Supplied entries Start Marker
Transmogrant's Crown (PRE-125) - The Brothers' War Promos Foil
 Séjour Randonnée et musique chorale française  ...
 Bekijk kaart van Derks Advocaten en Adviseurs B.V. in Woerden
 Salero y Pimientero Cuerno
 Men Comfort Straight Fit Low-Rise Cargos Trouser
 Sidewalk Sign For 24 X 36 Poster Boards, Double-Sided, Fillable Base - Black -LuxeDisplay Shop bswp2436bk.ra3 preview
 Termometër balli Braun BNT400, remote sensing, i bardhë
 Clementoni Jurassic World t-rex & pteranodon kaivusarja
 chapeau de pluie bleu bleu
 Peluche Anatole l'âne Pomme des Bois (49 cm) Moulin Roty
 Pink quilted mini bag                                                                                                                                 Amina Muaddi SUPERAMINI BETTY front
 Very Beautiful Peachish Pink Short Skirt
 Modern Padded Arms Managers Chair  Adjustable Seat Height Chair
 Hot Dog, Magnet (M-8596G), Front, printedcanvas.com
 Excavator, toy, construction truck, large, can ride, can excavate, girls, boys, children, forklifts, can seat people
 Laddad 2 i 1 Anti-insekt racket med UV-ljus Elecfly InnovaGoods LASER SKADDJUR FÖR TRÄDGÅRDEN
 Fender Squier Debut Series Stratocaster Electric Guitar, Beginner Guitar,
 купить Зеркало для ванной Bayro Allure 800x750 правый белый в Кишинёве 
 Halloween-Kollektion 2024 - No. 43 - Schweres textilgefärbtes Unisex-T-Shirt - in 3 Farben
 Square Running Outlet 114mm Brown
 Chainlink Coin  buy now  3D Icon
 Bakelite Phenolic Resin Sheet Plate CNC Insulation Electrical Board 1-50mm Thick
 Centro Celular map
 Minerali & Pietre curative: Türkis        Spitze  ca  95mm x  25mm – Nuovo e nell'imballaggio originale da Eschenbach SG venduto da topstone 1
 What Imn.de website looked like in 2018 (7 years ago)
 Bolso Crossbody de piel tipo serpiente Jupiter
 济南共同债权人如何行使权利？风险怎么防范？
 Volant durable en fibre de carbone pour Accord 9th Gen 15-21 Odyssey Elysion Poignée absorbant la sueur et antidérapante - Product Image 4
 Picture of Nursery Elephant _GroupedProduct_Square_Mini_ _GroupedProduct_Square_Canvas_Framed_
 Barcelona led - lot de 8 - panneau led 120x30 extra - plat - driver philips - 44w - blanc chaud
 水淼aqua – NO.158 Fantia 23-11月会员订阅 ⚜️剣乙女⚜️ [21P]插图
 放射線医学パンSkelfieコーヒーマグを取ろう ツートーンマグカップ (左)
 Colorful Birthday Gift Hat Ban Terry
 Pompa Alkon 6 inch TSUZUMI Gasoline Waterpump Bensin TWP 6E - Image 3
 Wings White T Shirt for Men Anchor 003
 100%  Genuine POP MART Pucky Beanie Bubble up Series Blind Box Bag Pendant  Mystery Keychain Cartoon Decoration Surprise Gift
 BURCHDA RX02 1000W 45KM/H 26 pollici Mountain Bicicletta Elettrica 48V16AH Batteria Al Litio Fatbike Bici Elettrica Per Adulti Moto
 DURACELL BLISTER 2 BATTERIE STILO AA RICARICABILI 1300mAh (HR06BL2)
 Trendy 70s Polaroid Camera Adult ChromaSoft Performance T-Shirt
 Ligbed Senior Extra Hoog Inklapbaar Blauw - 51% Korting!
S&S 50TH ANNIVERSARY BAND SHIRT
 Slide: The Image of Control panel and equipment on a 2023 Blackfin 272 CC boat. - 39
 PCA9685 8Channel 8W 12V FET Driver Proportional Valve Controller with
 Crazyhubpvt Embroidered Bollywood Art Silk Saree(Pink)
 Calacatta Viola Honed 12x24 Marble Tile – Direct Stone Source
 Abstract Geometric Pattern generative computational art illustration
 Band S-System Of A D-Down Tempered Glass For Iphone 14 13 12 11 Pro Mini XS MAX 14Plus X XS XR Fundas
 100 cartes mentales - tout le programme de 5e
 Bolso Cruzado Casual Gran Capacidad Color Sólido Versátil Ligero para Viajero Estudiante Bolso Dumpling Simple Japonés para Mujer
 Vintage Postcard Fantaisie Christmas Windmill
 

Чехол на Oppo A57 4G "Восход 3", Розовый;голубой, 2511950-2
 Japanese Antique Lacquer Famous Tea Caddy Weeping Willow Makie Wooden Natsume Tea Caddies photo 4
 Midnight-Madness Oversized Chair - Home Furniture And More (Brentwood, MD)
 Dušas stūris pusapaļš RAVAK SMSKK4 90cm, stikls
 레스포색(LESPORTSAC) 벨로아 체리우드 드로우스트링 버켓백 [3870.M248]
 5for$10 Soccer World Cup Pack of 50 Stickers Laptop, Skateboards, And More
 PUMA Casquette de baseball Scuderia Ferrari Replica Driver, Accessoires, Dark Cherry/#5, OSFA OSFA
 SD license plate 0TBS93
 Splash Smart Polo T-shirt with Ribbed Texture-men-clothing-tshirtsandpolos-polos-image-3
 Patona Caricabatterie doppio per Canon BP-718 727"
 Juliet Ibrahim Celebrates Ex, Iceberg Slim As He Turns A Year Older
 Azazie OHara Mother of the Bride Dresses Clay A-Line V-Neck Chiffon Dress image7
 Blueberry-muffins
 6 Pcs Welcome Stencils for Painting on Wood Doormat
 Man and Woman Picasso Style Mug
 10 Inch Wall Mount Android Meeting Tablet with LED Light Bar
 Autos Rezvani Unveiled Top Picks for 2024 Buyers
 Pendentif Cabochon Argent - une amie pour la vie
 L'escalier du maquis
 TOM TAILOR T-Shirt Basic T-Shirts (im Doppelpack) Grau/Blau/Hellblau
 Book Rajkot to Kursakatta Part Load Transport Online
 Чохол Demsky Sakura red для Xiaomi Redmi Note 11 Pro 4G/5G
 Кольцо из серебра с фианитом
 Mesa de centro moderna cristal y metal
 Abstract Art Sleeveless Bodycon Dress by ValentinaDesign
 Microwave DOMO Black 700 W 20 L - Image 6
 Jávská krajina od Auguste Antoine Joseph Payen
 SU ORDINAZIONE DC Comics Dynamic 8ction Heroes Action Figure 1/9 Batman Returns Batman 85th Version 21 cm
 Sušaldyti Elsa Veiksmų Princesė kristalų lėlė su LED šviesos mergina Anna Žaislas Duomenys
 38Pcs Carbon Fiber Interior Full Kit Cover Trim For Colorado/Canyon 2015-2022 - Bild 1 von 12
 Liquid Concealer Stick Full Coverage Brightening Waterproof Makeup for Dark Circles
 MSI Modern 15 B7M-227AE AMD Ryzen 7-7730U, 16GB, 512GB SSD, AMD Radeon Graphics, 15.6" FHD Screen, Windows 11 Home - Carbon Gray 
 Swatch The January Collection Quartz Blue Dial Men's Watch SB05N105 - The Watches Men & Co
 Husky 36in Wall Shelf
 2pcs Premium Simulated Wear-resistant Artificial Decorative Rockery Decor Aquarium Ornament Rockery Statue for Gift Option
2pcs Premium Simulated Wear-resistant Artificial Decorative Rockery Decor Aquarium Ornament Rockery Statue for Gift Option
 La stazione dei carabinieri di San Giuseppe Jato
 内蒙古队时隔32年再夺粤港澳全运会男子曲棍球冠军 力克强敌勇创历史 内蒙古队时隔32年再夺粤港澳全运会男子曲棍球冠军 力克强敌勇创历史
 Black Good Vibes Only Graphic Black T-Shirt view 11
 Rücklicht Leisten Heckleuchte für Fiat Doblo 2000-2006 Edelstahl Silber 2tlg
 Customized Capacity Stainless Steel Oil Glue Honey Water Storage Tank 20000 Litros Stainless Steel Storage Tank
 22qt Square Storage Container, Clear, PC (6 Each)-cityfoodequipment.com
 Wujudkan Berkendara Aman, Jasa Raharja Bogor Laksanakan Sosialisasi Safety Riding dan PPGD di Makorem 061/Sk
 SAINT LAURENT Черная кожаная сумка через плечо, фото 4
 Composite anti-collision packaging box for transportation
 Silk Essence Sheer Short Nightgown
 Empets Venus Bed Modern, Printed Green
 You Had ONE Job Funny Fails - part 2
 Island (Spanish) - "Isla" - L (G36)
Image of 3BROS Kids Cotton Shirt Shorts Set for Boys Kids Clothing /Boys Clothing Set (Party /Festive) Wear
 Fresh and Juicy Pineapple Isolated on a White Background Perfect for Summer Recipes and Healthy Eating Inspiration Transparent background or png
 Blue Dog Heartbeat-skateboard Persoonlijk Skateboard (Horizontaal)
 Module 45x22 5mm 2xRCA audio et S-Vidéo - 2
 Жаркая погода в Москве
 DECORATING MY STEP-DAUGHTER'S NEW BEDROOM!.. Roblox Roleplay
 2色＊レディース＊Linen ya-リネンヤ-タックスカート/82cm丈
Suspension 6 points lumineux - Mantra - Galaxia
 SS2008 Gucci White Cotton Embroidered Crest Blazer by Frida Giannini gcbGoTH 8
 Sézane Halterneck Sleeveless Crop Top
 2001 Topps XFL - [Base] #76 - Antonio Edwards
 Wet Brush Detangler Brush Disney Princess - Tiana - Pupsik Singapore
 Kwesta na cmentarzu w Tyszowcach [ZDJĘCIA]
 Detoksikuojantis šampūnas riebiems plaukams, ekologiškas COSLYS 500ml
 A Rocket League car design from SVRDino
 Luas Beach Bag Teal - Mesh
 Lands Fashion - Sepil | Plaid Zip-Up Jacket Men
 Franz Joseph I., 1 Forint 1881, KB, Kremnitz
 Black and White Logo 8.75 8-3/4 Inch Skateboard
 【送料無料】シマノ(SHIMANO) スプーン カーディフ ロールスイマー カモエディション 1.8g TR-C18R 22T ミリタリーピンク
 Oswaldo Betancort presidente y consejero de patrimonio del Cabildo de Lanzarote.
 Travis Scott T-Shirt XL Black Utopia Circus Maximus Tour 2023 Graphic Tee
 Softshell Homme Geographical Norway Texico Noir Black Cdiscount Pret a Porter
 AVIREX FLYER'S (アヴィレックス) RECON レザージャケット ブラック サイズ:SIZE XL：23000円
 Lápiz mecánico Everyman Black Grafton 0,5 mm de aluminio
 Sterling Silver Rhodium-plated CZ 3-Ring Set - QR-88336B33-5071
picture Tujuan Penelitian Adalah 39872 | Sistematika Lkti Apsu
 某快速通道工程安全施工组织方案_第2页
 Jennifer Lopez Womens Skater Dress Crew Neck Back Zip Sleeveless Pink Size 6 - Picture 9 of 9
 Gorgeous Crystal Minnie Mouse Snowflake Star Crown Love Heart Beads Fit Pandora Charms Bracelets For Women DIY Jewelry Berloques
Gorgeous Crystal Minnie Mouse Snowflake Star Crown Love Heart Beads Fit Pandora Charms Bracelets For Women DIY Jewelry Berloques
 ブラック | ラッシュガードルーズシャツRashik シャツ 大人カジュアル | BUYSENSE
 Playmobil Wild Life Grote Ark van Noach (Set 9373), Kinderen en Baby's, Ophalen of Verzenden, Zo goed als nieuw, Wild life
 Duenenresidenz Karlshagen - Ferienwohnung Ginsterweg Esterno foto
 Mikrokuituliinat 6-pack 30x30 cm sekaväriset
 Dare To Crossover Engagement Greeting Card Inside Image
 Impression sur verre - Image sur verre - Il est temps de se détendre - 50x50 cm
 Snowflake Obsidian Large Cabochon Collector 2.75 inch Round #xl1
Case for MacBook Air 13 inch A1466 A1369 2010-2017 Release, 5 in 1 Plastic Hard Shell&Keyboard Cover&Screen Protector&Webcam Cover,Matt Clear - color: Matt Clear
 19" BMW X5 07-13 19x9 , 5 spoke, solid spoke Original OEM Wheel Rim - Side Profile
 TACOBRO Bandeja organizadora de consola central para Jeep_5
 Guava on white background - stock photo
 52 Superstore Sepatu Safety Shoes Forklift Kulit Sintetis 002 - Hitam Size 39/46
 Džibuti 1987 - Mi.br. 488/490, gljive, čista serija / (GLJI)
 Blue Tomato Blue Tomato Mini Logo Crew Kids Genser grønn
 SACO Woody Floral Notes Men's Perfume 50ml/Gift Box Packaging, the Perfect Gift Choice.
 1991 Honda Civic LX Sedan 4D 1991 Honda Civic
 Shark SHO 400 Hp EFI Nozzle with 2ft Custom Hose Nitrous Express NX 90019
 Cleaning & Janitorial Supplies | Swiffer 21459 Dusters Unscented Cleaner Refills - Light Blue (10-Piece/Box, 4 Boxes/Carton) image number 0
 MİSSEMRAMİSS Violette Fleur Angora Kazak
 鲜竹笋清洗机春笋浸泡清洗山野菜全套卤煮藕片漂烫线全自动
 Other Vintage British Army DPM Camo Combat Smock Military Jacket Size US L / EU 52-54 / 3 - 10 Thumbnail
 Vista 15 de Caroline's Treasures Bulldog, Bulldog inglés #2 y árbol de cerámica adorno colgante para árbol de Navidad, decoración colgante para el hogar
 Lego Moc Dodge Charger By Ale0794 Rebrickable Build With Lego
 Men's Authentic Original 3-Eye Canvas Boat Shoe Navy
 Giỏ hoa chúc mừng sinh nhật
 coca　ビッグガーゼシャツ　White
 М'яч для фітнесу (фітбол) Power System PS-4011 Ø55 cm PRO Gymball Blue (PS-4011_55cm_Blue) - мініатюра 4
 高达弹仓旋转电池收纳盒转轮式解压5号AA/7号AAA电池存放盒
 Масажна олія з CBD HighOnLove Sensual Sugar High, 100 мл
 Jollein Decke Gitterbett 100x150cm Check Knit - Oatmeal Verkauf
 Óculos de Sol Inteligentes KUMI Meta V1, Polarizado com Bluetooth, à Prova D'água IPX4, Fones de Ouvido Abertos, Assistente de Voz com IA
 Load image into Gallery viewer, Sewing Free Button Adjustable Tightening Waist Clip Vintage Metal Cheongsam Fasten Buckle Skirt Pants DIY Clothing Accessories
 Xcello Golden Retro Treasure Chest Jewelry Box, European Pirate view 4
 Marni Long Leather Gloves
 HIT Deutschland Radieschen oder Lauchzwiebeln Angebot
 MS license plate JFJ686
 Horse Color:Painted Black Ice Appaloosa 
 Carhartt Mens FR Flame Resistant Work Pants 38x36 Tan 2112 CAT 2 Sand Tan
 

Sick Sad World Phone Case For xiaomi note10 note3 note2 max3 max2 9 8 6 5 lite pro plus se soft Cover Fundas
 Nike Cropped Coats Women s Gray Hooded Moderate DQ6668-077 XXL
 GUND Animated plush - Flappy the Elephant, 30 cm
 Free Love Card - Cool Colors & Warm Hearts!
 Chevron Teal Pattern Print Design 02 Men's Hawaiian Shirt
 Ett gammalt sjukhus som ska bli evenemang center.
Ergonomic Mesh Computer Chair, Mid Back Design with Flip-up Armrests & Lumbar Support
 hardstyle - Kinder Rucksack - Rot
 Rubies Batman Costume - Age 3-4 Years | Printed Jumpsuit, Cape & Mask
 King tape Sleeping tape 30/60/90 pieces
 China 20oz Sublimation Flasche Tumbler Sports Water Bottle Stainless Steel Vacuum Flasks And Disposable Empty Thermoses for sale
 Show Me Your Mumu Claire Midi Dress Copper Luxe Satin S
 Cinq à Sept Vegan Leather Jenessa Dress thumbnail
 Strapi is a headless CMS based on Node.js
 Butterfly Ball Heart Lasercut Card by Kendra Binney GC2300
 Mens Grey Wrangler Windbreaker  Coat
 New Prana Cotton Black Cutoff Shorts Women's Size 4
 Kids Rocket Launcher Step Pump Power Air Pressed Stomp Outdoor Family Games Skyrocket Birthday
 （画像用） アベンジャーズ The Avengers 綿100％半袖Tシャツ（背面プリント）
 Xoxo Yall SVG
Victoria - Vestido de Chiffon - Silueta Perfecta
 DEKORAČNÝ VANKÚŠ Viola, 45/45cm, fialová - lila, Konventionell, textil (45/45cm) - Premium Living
Supplied entries End Marker
▶ [What to do] Taking the entries above, print exactly the lines starting at the line with "Fender Squier Debut" and ending at the line with "Halloween-Kollektion 2024 - No.", both included.

▶ [Output]
 Fender Squier Debut Series Stratocaster Electric Guitar, Beginner Guitar,
 купить Зеркало для ванной Bayro Allure 800x750 правый белый в Кишинёве 
 Halloween-Kollektion 2024 - No. 43 - Schweres textilgefärbtes Unisex-T-Shirt - in 3 Farben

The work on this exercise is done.